Improved Setup Accuracy for Proton Dibh Thoracic Treatments Using CT-on-Rails–Based 3D-3D Image Registration
Abstract
Purpose
Accurate patient setup in deep inspiration breath hold (DIBH) proton therapy is critical due to steep dose gradients, limited range robustness, and the frequent use of tight clinical target volume (CTV) margins. This study introduces a CT-on-Rails (CTOR)–based 3D–3D image registration workflow for proton DIBH treatment of thoracic tumors to address limitations of conventional 3D–2D image guidance in resolving complex anatomical changes, particularly in multi-site disease.
Methods
Proton therapy patients with thoracic tumors treated under DIBH conditions are being retrospectively analyzed and categorized by tumor location as midsternal or diaphragm adjacent. At the time of submission, four patients were included (aim of having at least ten patients by the time of conference presentation). For each fraction, setup was evaluated using 3D–2D orthogonal radiographs, followed by CTOR-based 3D–3D registration.

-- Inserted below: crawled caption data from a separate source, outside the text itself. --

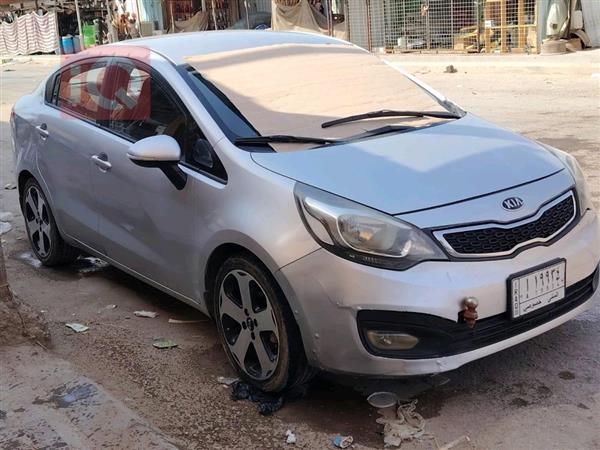 Kia Rio 2014 for sale in Iraq - Al-Khidhir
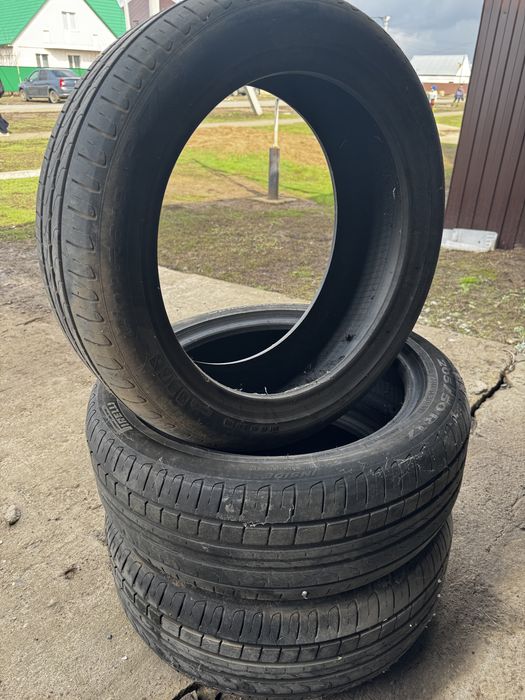 Летние шины Pirelli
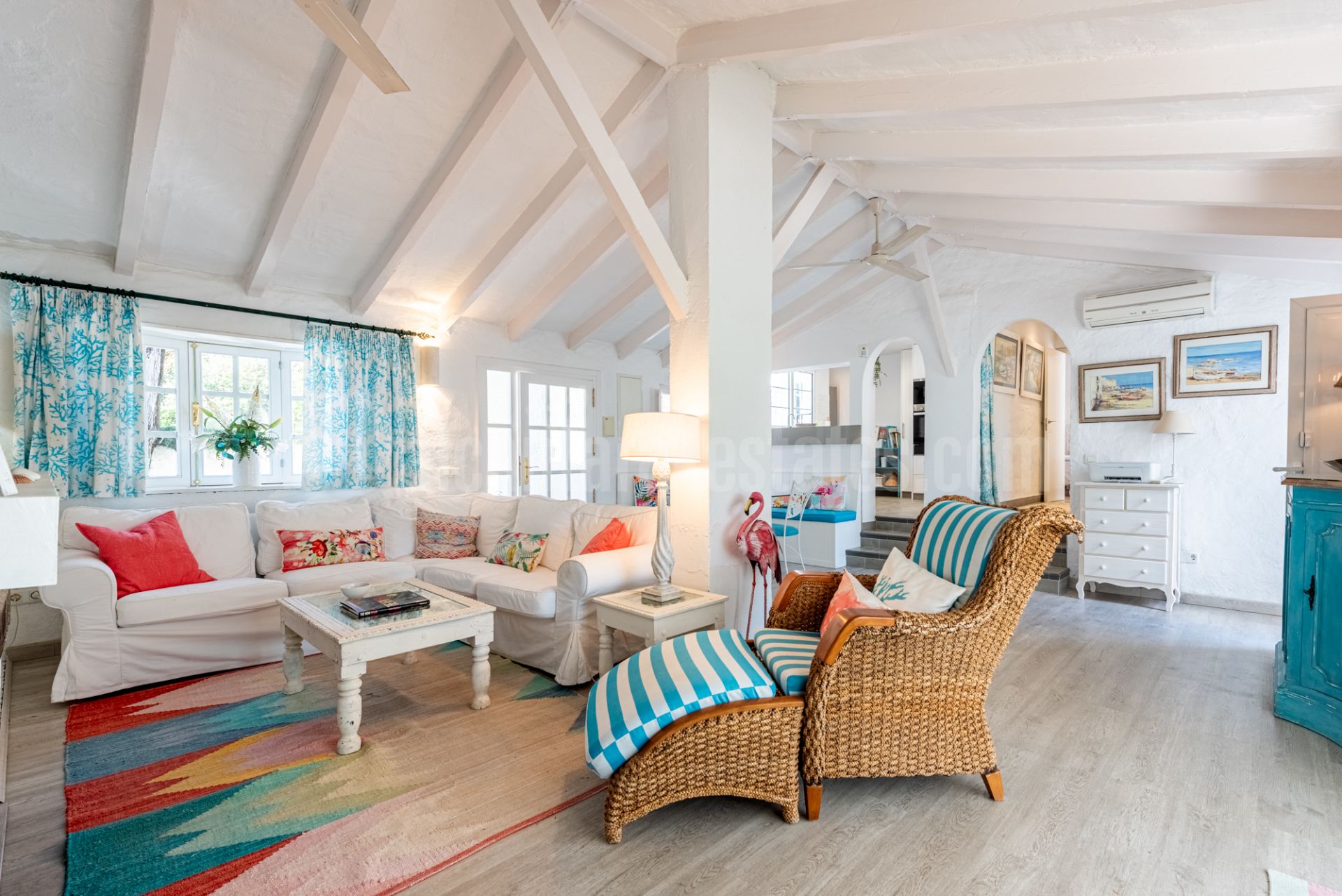 Villa en Puerto del Almendro, Benahavis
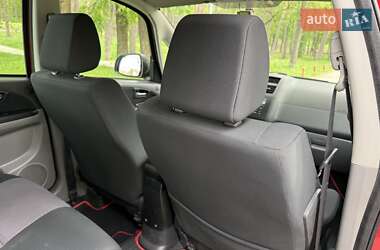 Хетчбек Suzuki SX4 2008 в 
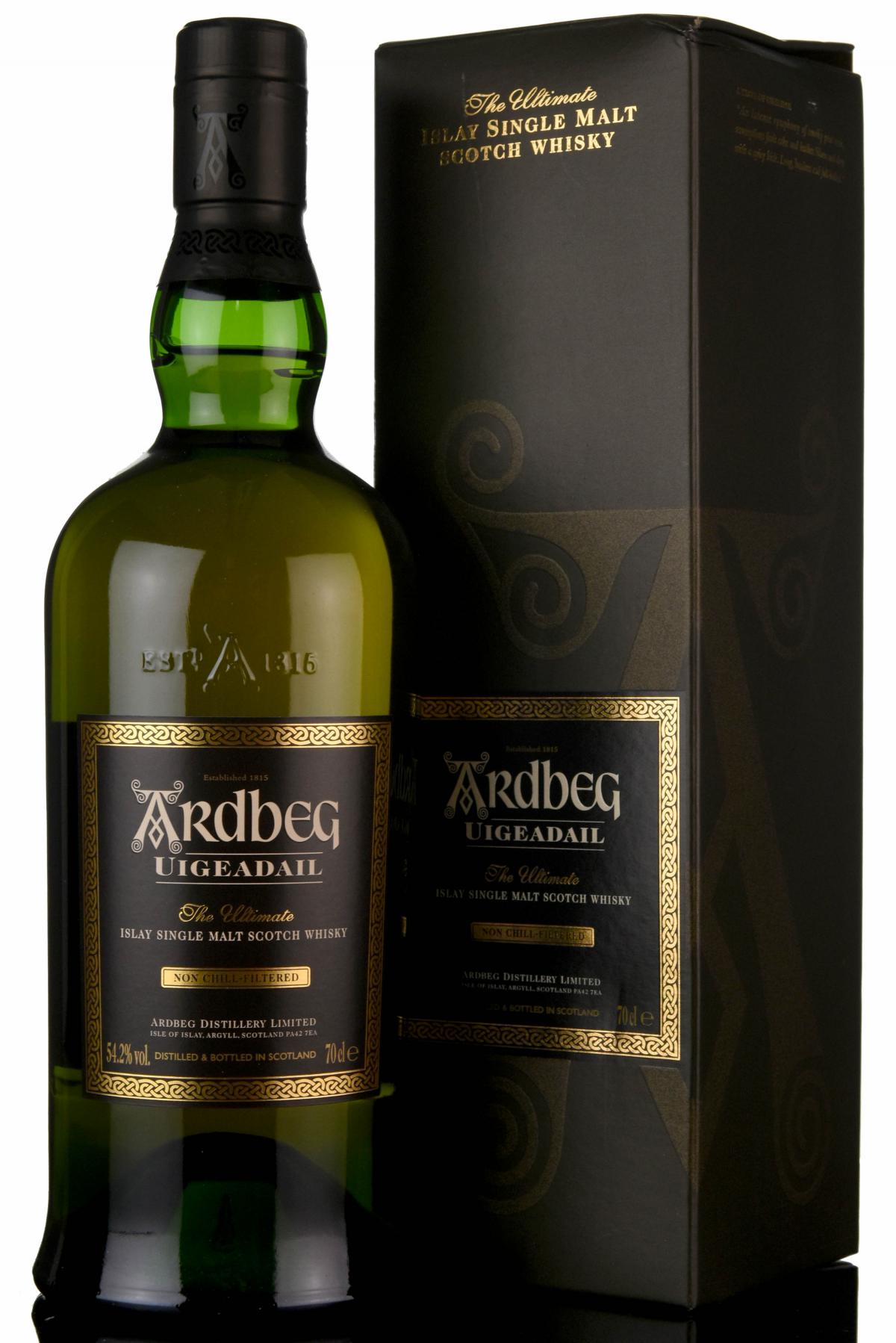 Ardbeg Uigeadail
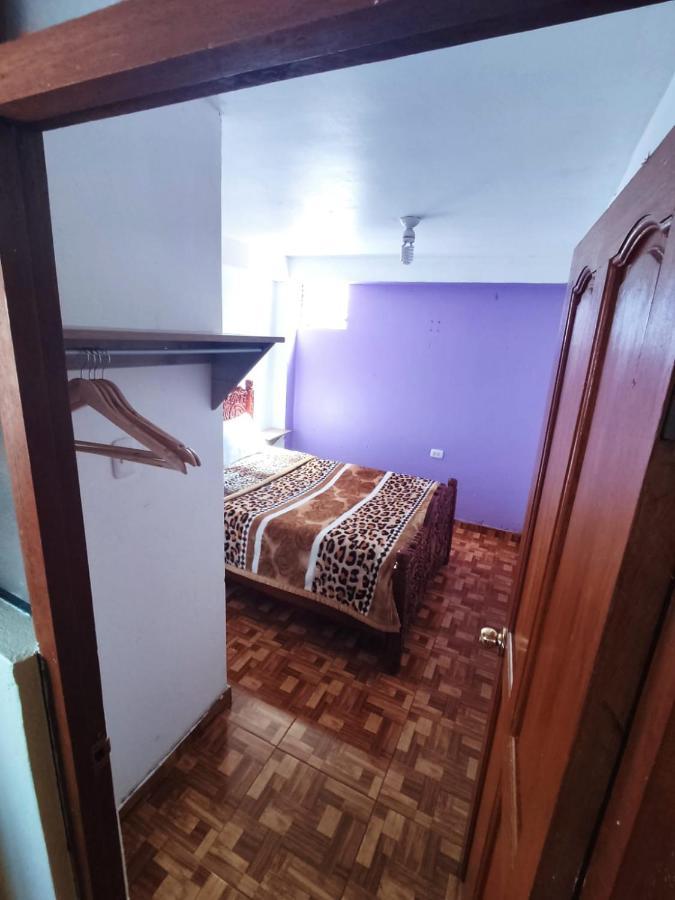 Hospedaje De La Cuba Apartment *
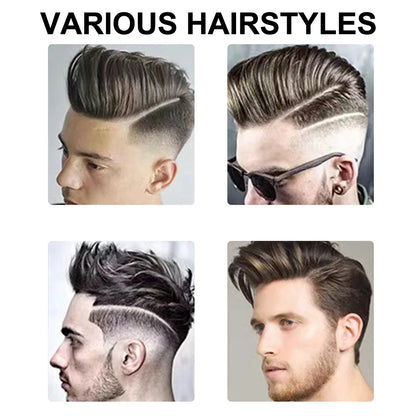 2Pcs Hair Clipper Limit Comb Guide Limit Comb Trimmer Guards Attachment Universal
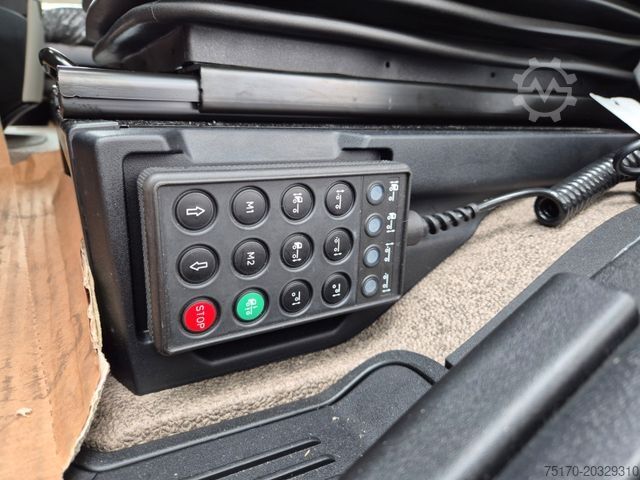 डम्प ट्रक IVECO AS280X50Y/PS ON Meiller AK 16. T Funk AHK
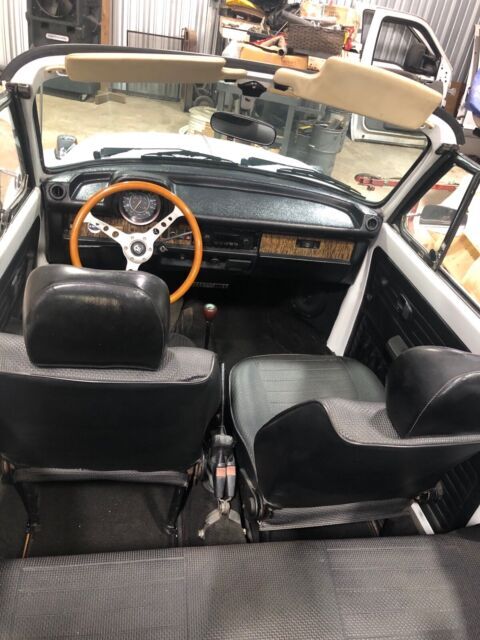 1977 Volkswagen 1600 - photo 4
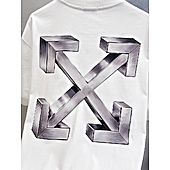 US$23.00 OFF WHITE T-Shirts for Men #804238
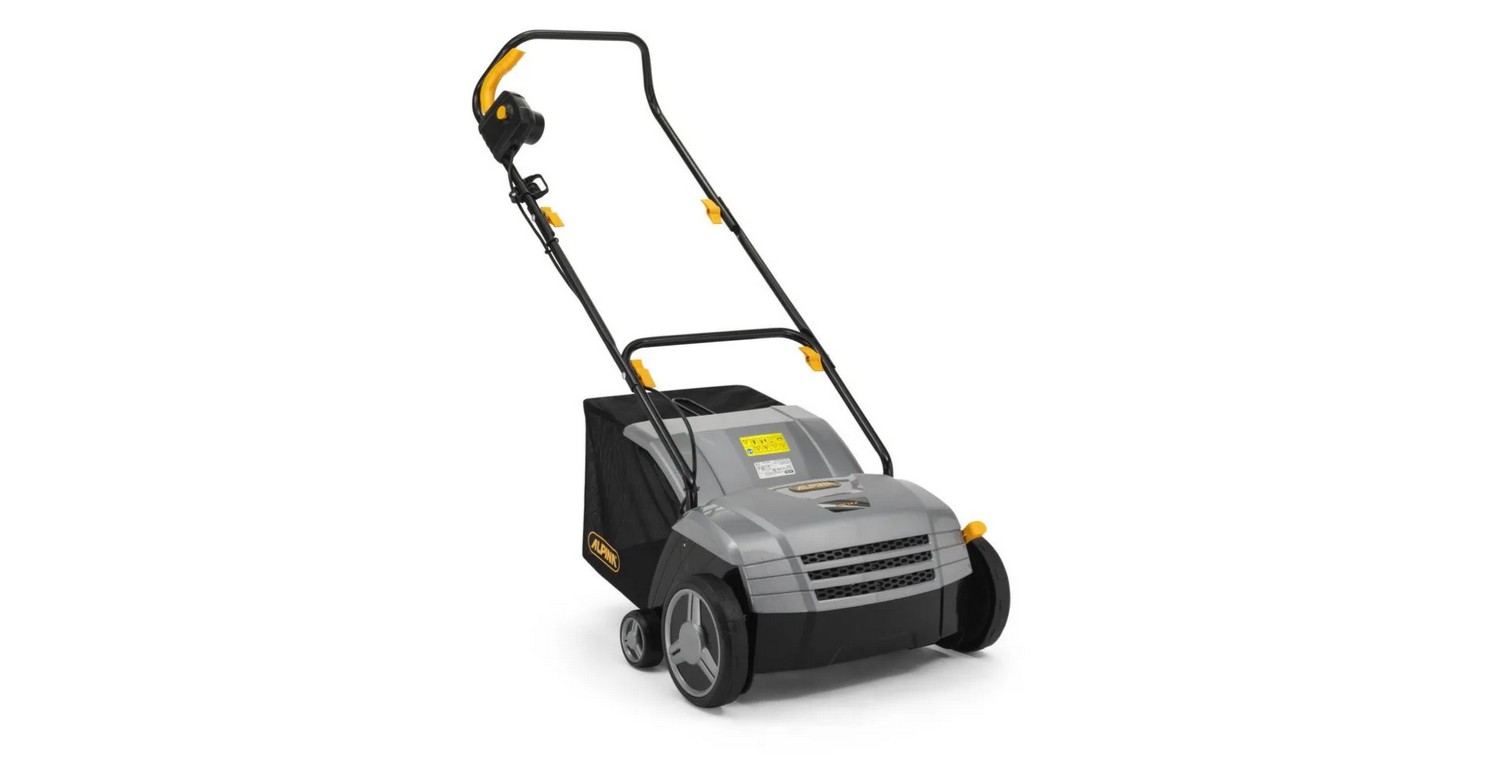Aérateur électrique/scarificateur Alpina ASC 1.3 E; 1,3 kW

CTOR-based setup corrections were quantitatively analyzed to assess CTV alignment improvements relative to clinical tolerance thresholds, and preliminary clinical guidance for applying CTOR-based image guidance in proton DIBH treatments for moving thoracic targets was developed.
Results
CTOR-based 3D–3D image registration improved target alignment compared with conventional 3D–2D radiographic guidance across all patients. The average CTOR couch shift following initial X-ray–based bony alignment was 0.51 ± 0.32 cm. The largest alignment improvements were observed in patients treated at multiple anatomical sites. Based on these findings, a setup discrepancy threshold of approximately 0.3 cm was identified as a practical trigger for CTOR-based intervention. For fractions exceeding this threshold, CTOR-guided correction resulted in visibly improved target alignment relative to surrounding anatomy.
Conclusion
CTOR-based 3D–3D image guidance enhances patient positioning and confidence in dose delivery for proton DIBH treatments. The proposed workflow and correction thresholds provide a practical, clinically actionable framework to reduce geometric uncertainty and improve treatment robustness, particularly for multi-site proton therapy.